Adenitz · Post by **Adenitz** » Sat Sep 09, 2023 5:46 am

Hello to all,
I tried to write a simple script to convert xlsx files to pdf files using existing liber office installation.
My OS is Linux Mint 20 Ulyana.
After executing the following script, the code just hangs. Of course, sequential approach works.
Can you please give me advice what could be wrong and how to debug this code.
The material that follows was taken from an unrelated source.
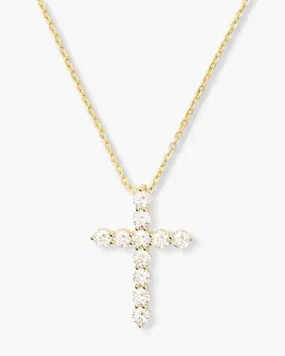 Oh She Fancy Small Cross Pendant Necklace - Gold/White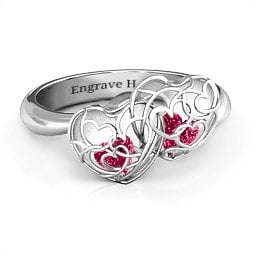 Double Heart Cage Ring with 1-6 Heart Shaped Birthstones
I suspect that somehow two processes try to convert the same file.

Code: Select all

#!/usr/local/bin/python3

import os
import subprocess
import multiprocessing as mp
import time

def convert_pdf_soffice(xlsx_file):
    out_dir = './PdfDir/'
    print('Started conversion of ', xlsx_file)
    subprocess.run(['soffice', '--headless', '--convert-to', 'pdf', '--outdir', out_dir, xlsx_file])
    print('Finished conversion of ', xlsx_file)
    

if __name__ == '__main__':

    start_t = time.time()

    input_directory = './XLSX/'
    output_directory = './PdfDir/'

    # Create folder if not exists
    if not os.path.exists(output_directory):
        os.makedirs(output_directory)

    existing_pdf_files = [file for file in os.listdir(output_directory) if file.endswith('.pdf')]
    # Replace extension was pdf now is xlsx
    already_converted_xlsx = [file[:-4] + '.xlsx' for file in existing_pdf_files]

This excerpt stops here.